I have some containers in ADLS (gen2) and have multiple folders within that container. I would like to have a mechanism to scan those folders to infer their schema and detect partitions and update them in the data catalog. How do I achieve this functionality in Azure?
Sample:
- container1
---table1-folder
-----10-12-1970
-------files1.parquet
-------files2.parquet
-------files3.parquet
-----10-13-1970
-------files1.parquet
-------files2.parquet
-------files3.parquet
-----10-14-1970
-------files1.parquet
-------files2.parquet
----table2-folder
-----zipcode1
-------files1.parquet
-------files2.parquet
-------files3.parquet
-----zipcode2
-------files1.parquet
-------files2.parquet
...
So, what I expect is that in the catalog, it will create two tables (table1 & table2) where table1 will have date-based partitions (3 dates for this case) and have underline data within that table. Same for table2 which will have two partitions and their underline data.

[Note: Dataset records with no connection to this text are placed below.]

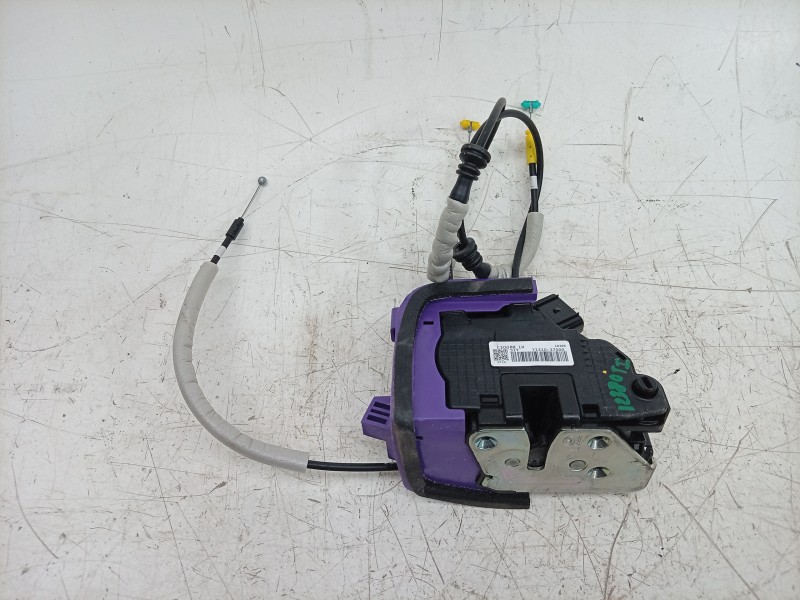 Recambio de cerradura puerta trasera izquierda para ssangyong korando (c300) 1.5 referencia OEM IAM  7131037000 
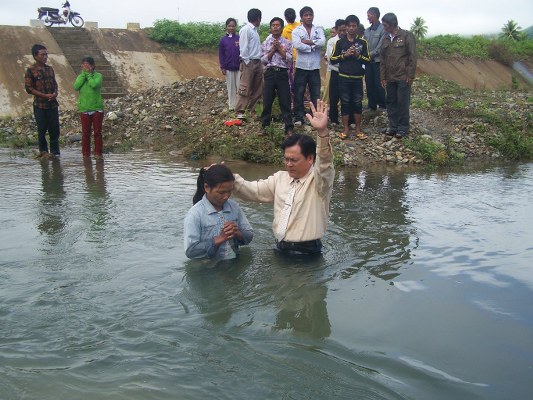 L&agrave;m b&aacute;p-tem cho c&aacute;c t&acirc;n t&iacute;n hữu
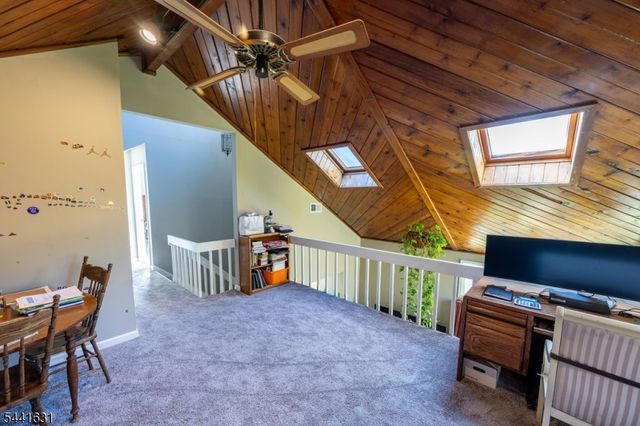 13 Village Way E7, Vernon Twp., NJ 07462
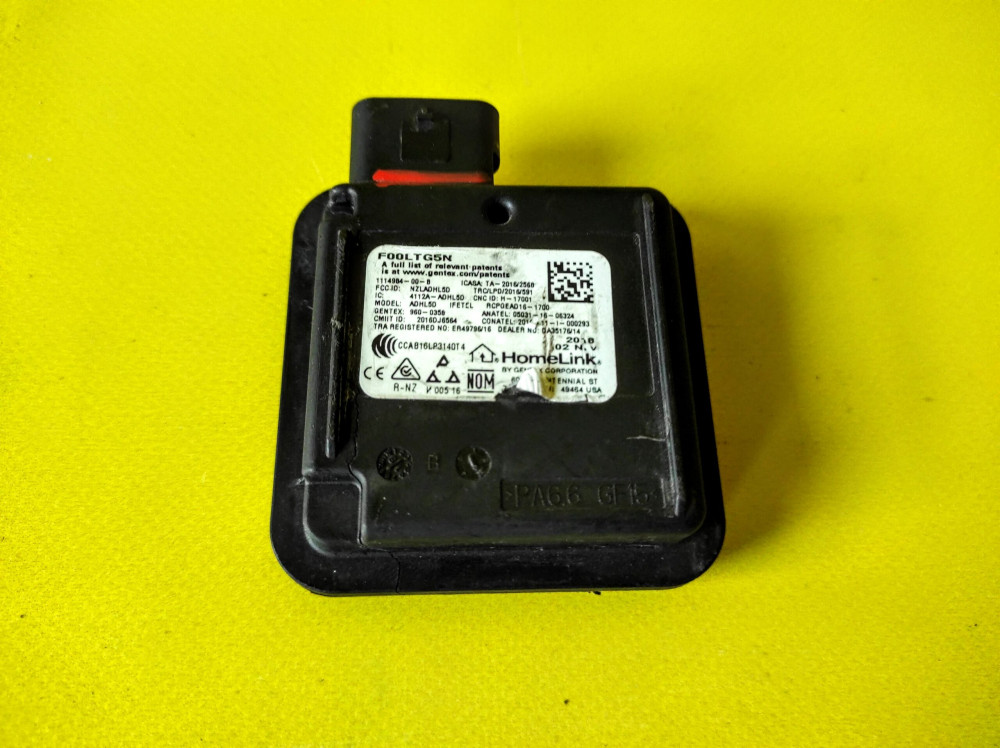 Tesla Model S 2015-2021, SP 2021-, X 2015-2021, XP 2021-, Y, 3 HOMELINK V Option 2 Control Module OEM (used) 1114984-00-B  Photo №3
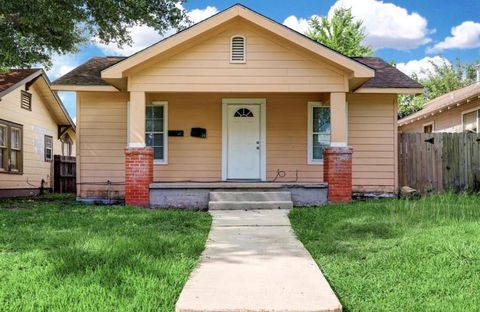 Photo of 3303 Illinois Street, Baytown, TX 77520 (MLS # 16902478)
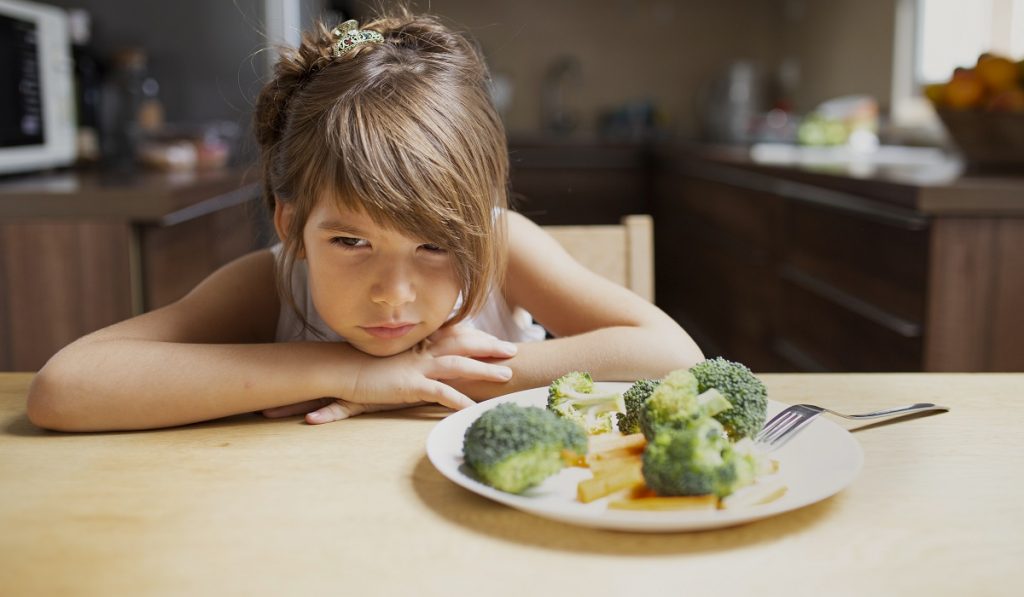 حينما يرفض طفلك الطعام.. هل عليك إجباره على تناوله؟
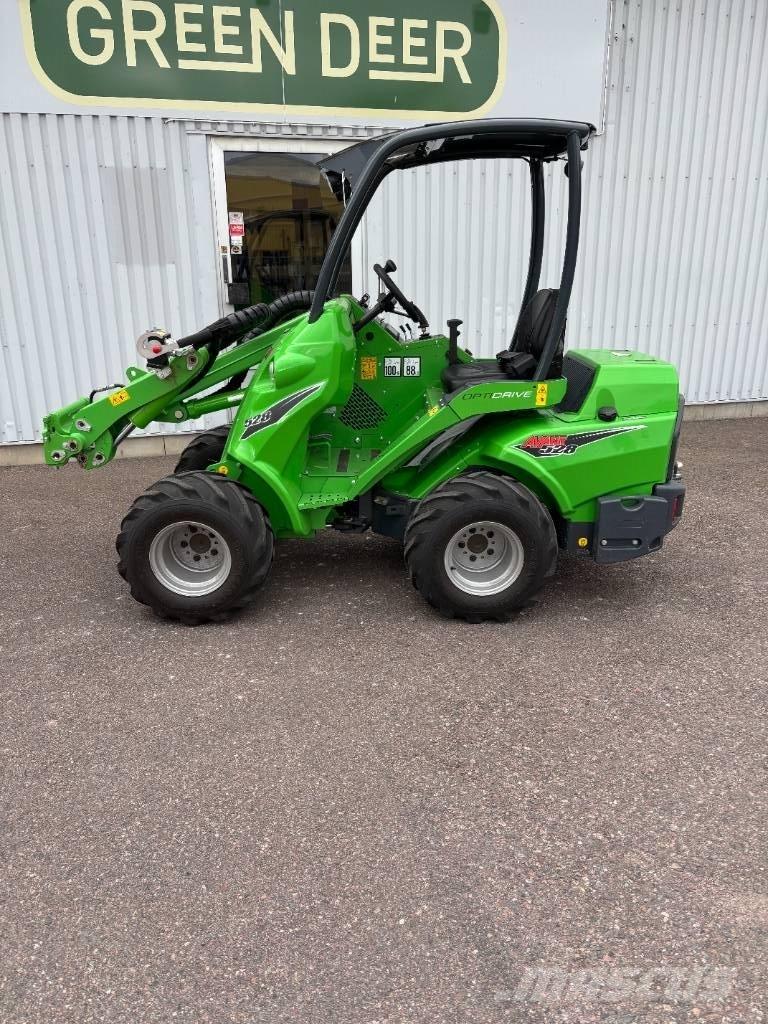 Avant 528 多用途機械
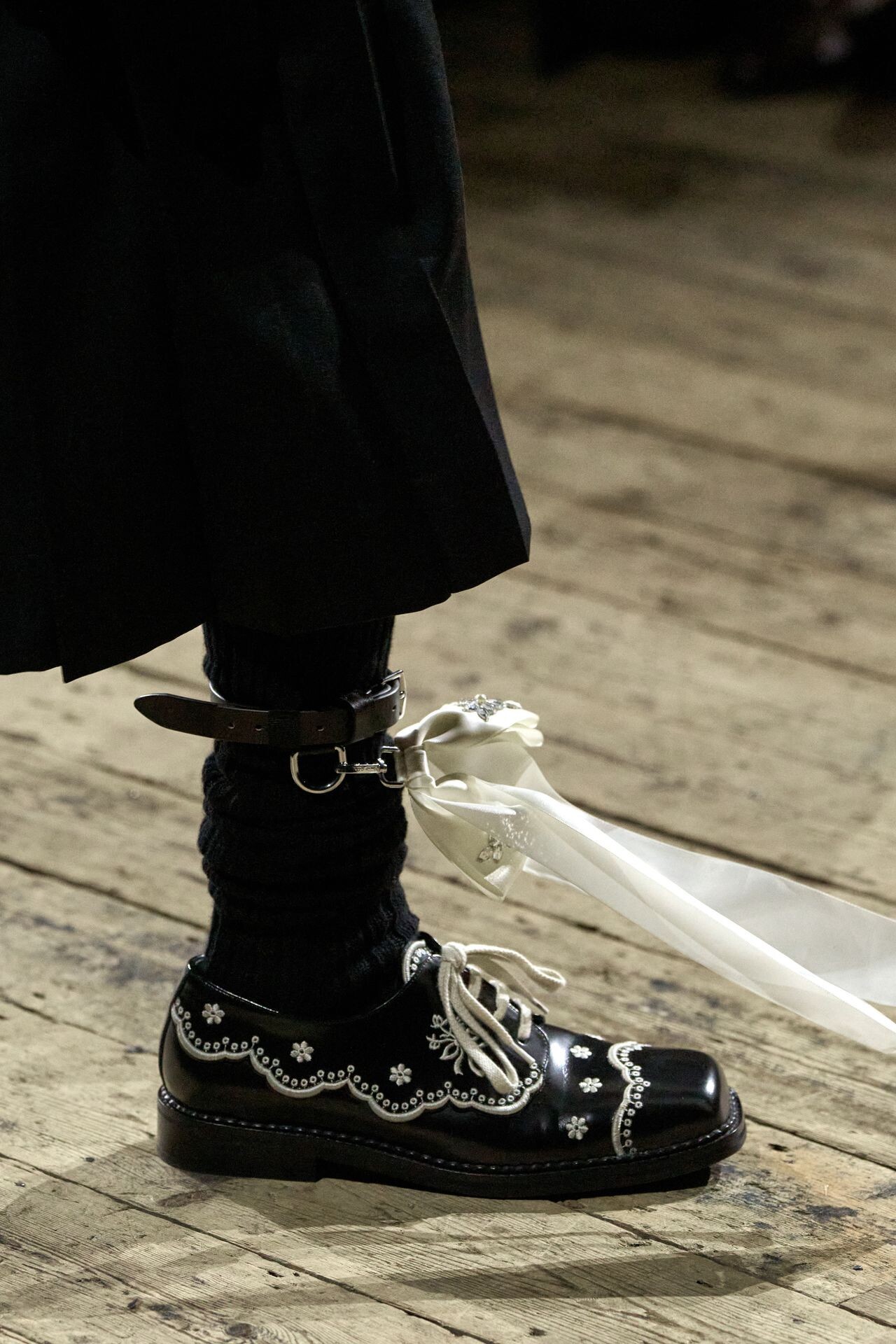 Hinh anh "Những chú ngựa trắng" Simone Rocha Thu Đông 2026 23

In the AWS world, I can run a Glue crawler that can crawl these files, infers schemas and partitions, and populate Glue data catalogs, later I can query them through Athena. What's the Azure equivalent approach to achieve something similar?
I would recommend looking at Azure Synapse Analytics Serverless SQL. You can create a view which consumes the folders and does partition elimination if you follow this approach:
-- If you do not have a Master Key on your DW you will need to create one
CREATE MASTER KEY ENCRYPTION BY PASSWORD = '<password>' ;
GO
CREATE DATABASE SCOPED CREDENTIAL msi_cred
WITH IDENTITY = 'Managed Service Identity' ;
GO
CREATE EXTERNAL DATA SOURCE ds_container1
WITH
( TYPE = HADOOP ,
LOCATION = 'abfss://container1@mystorageaccount.dfs.core.windows.net' ,
CREDENTIAL = msi_cred
) ;
GO
CREATE VIEW Table2
AS SELECT *, f.filepath(1) AS [zipcode]
FROM
OPENROWSET(
BULK 'table2-folder/*/*.parquet',
DATA_SOURCE = 'ds_container1',
FORMAT='PARQUET'
) AS f
Then setup Azure Purview as your data catalog and have it index your Synapse Serverless SQL pool.